You cannot rely on this record in your tax affairs. It is not binding and provides you with no protection (including from any underpaid tax, penalty or interest). In addition, this record is not an authority for the purposes of establishing a reasonably arguable position for you to apply to your own circumstances. For more information on the status of edited versions of private advice and reasons we publish them, see PS LA 2008/4.

Edited version of your written advice

Authorisation Number: 1051469020407

Date of advice: 20 December 2018

Ruling

Subject: Exemption from withholding tax for a foreign superannuation fund for foreign residents

Question 1

Is the fund excluded from liability to withholding tax on its interest, dividend and non-share dividend income under paragraph 128B(3)(jb) of the Income Tax Assessment Act 1936 (ITAA 1936)?

Answer

Yes.

Question 2

Is interest, dividend and non-share dividend income derived by fund not assessable and not exempt income of the Fund under section 128D of the ITAA 1936

Answer

Yes.

This ruling applies for the following periods:

Year ended 30 June 20xx

Year ended 30 June 20xx

Year ended 30 June 20xx

Year ended 30 June 20xx

Year ended 30 June 20xx

Year ended 30 June 20xx

The scheme commences on:

1 July 20xx

Relevant facts and circumstances

      1. The Fund was established in a foreign country.

      2. Pursuant to the Funds governance, the fund was established for the object to build up a supplementary pension and other benefits and award that pension and those benefits to the participants in the retirement scheme or to their successors, if any, according to the conditions described in the Funds Regulations.

      3. The Fund obtained the necessary authorisations to carry out activities for the provision of retirement benefits by virtue of a legislative instrument of the foreign country.

      4. The board of directors of the Fund is vested with the overall management of the Fund.

      5. The strategic and high level decision making is undertaken by the Board of Directors in the foreign country, whereas the day-to-day operational side of the fund’s activities is carried out by the general manager, finance manager, and operations manager.

      6. The Fund was established and is maintained only to provide benefits for individuals who are not Australian residents.

      7. The Fund is established for an indefinite period.

      8. The income of the Fund consists of payments made pursuant to the pension scheme, gifts and legacies, proceeds from the assets (e.g. gains made by the investment portfolios) of the Fund and additional amounts from the scheme.
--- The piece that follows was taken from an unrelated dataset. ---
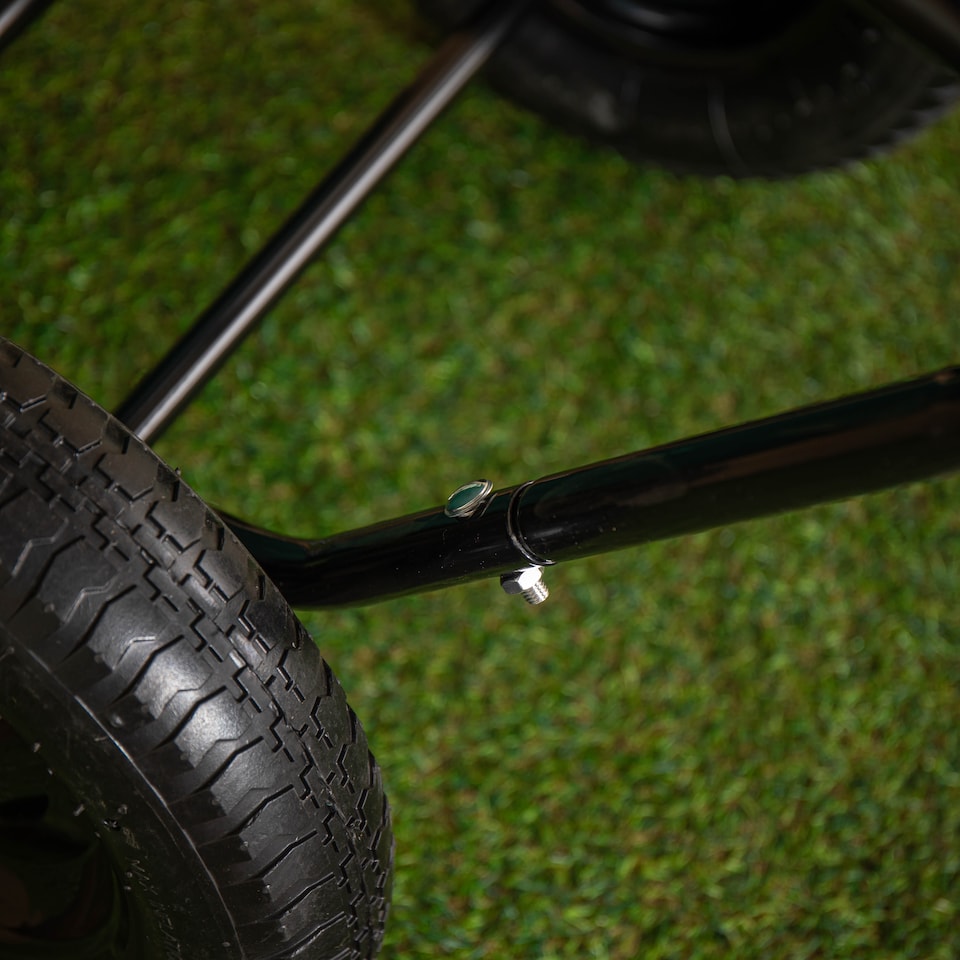 image 1 of Heavy Duty 2 Wheel Outdoor Pneumatic Plastic Garden Wheelbarrow in Green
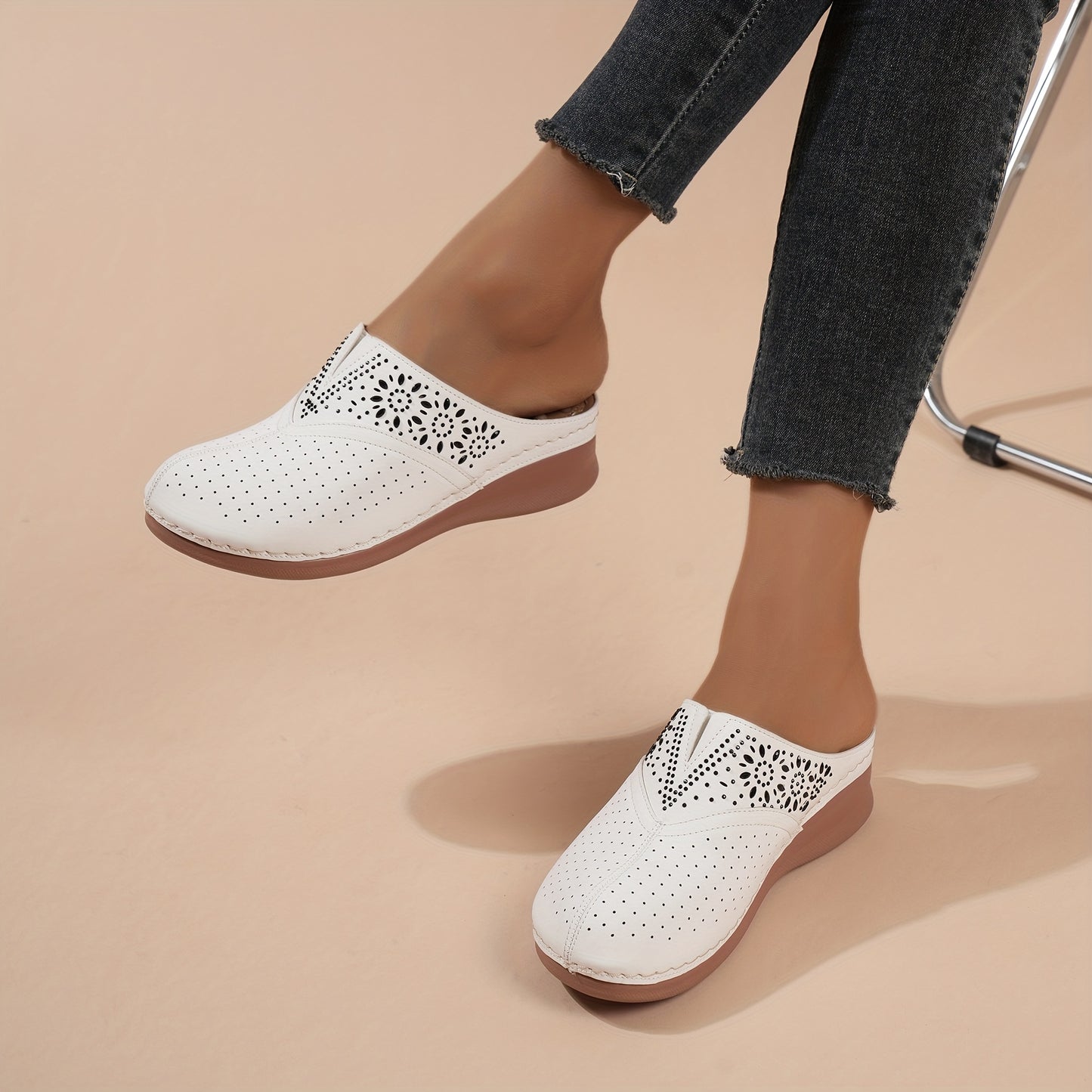 Women's Comfortable Wedge Sandals - Arch Support, Platform, Hollow Out Design, Perforated Toe, Heel Cushion, Perfect for Casual Outdoor Summer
      9. The Fund holds a number of Australian securities upon which it derived interest and dividend income. These investments are not held via interposed entities.

      10. The Fund is not subject to income tax in the foreign country of its establishment.

      11. No amounts have been paid to the Fund, nor set aside to be paid to the Fund, that can be deducted under the ITAA 1936 or the Income Tax Assessment Act 1997 (ITAA 1997).

      12. No amounts have been paid to the Fund, or set aside to be paid to the Fund, for which a tax offset has been allowed, or would be allowable under the ITAA 1936 or the ITAA 1997.

Relevant legislative provisions

Income Tax Assessment Act 1936 Paragraph 128B(3)(jb)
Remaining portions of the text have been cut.